By Mary-Justine Lanyon
Editor
On Saturday, Oct. 19, I joined 26 other volunteers on a community-wide cleanup day in Crestline, stretching from Lake Gregory to Top Town.
Organizer Rick Dinon of the Lake Gregory Yacht Club broke the area up into sections and sent the volunteers off armed with trash bags and trash pickers.
In addition to the yacht club, there were representatives from the Crestline Chamber of Commerce, Lake Gregory Company, the Crestline Lions, the Rotary E-Club of World Peace and the Crestline-Lake Gregory Rotary Club. All the volunteers this year, Dinon noted, were local residents, including a family who came out in force to help clean up the town.
“We’ve been doing this for 10 years,” Dinon said. The first year, he said, volunteers filled 2-1/2 truckloads with trash. That number went down each year until there was only half a truckload. At that point, the decision was made to expand the effort from just around the Lake Gregory shore to Lake Drive and up into Top Town.
“The real plus of this cleanup day,” Dinon added, “is that walkers and anglers see what the volunteers are doing and then step up and pick up any trash they see on other days.”

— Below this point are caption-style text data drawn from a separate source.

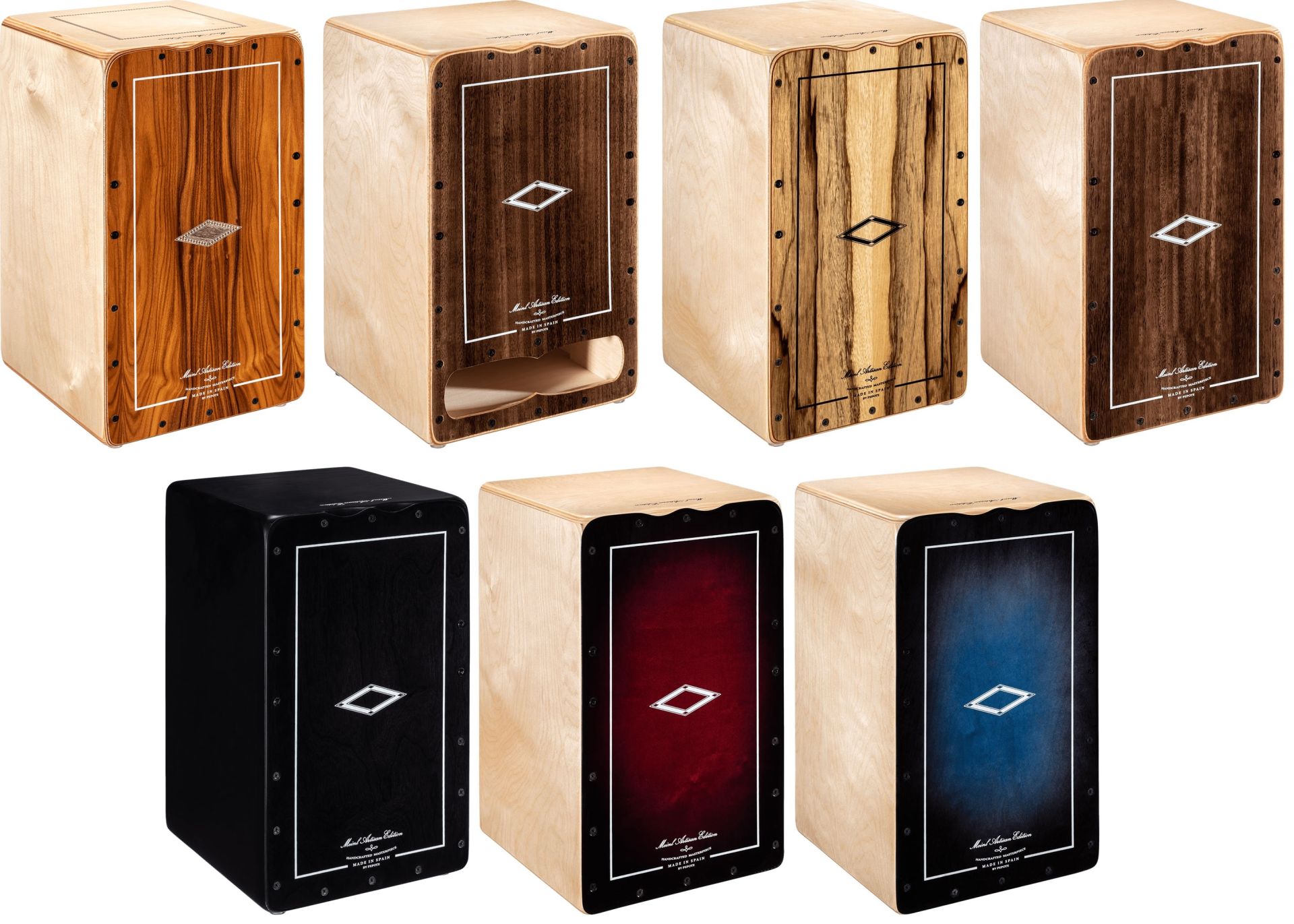 カホン ハンドメイド カホン オーガニックビート 7 LiME Cajon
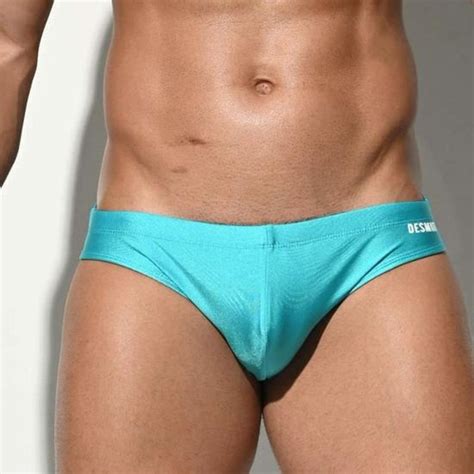 Maillot De Bain S Lake Blue Homme Culotte De Bain Sexy Bikini Mini Blanc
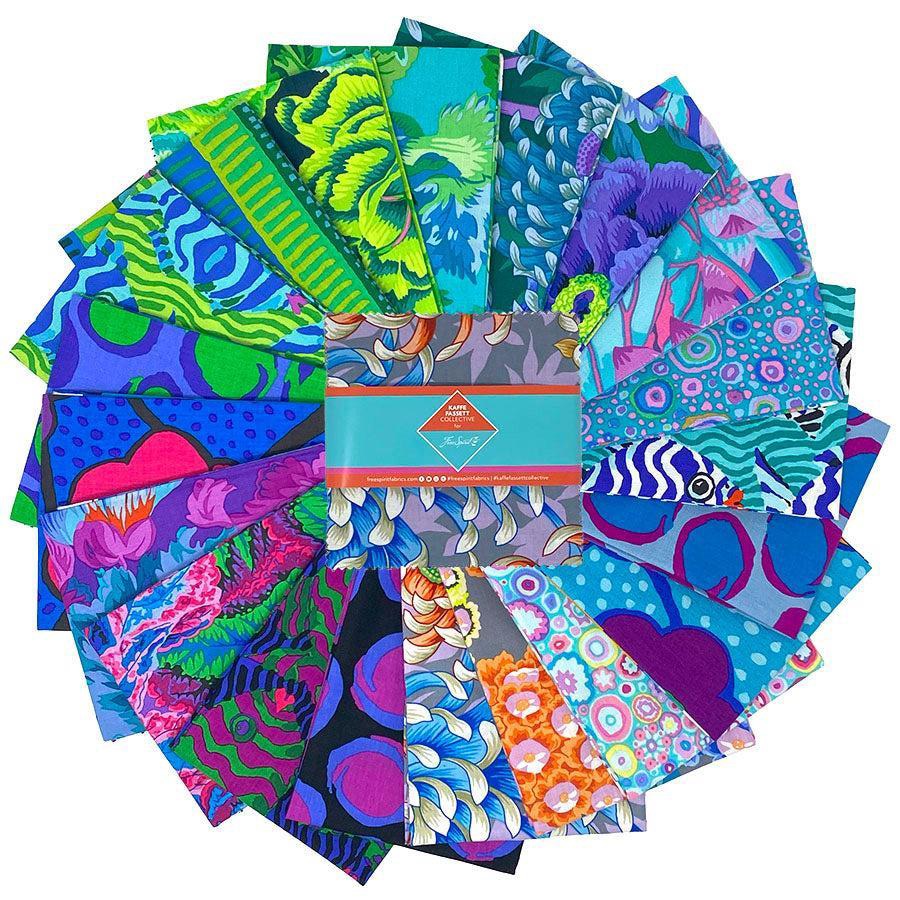 *COMING SOON - NOT YET AVAILABLE TO PURCHASE* - Kaffe Fassett August 2025 - 5" Charm - Cool - FB6CPGPAUG25.COOL
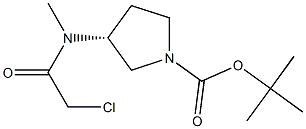 (R)-3-[(2-Chloro-acetyl)-Methyl-aMino]-pyrrolidine-1-carboxylic acid tert-butyl ester Struktur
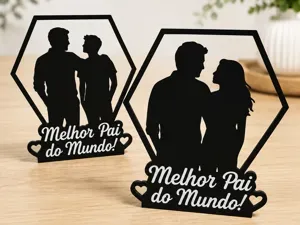 Best Dad in the World – Father’s Day Decoration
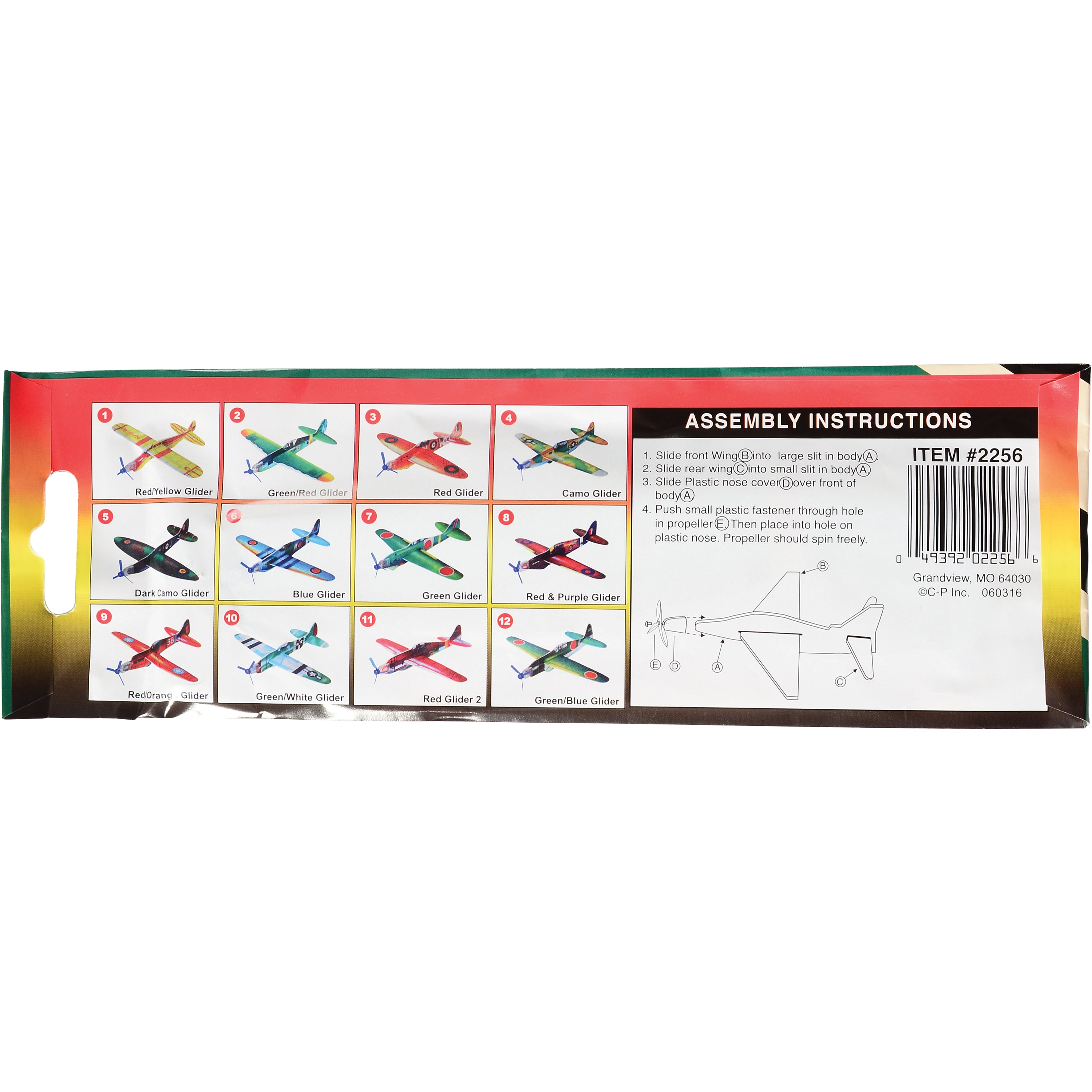 Gliders W/Propellers - 12 Count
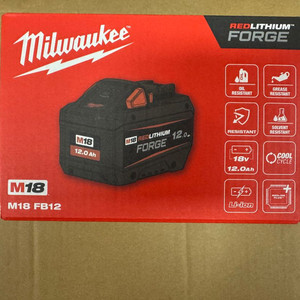 (새제품) 밀워키 18V 신형 배터리 M18 FB12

This year a total of 29 bags of trash were collected, weighing 377 pounds. About 53 percent of the trash was plastic, 35 percent paper and the rest “other.” Some of the odd items collected were a sweatshirt, shorts, panties, gloves, socks, three cans of dusting spray, a five-gallon bucket, a real estate sign, a turtle and a partial shirt sleeve. The most common items were cigarette butts and water bottle caps.
As I covered my assigned section from the Lake Gregory Education and Community Center to Leisure Shores, I encountered Rosie, a volunteer who had just moved to Crestline in March. She had seen the notice about the cleanup day on Facebook and was eager to participate.
Rosie and I encountered many anglers – some fishing by themselves, others with their families. We asked them all if they had any trash they would like us to take for them. The universal response: We are going to take all our trash out with us. One young boy chased after us with a clump of fishing line he had found by the water’s edge.
Along the way, Rosie and I saw several pumpkins, which had been carved and then left by the shore. All had already been partially eaten by animals so we left them there for future enjoyment.
Dinon organizes this cleanup day twice a year – in the spring prior to the summer season and then in the fall to clean up after a busy summer. He expressed his thanks to Goodwin’s for providing donuts and coffee “to thank (and bribe) the participants.” In addition, Lake Drive Hardware donated some daffodil bulbs which Dinon had several volunteers plant around the lake.
Paddle to untangle
This coming Sunday, Oct. 27, the Lake Gregory Co. is holding an on-the-water event from 1 to 3 p.m. Volunteers will paddle out onto the lake in kayaks or paddle boards to collect fishing line and other trash they may find floating on the lake.
Participants will be asked to sign both a volunteer waiver and boat waiver. There will be no charge for use of the kayaks or paddle boards.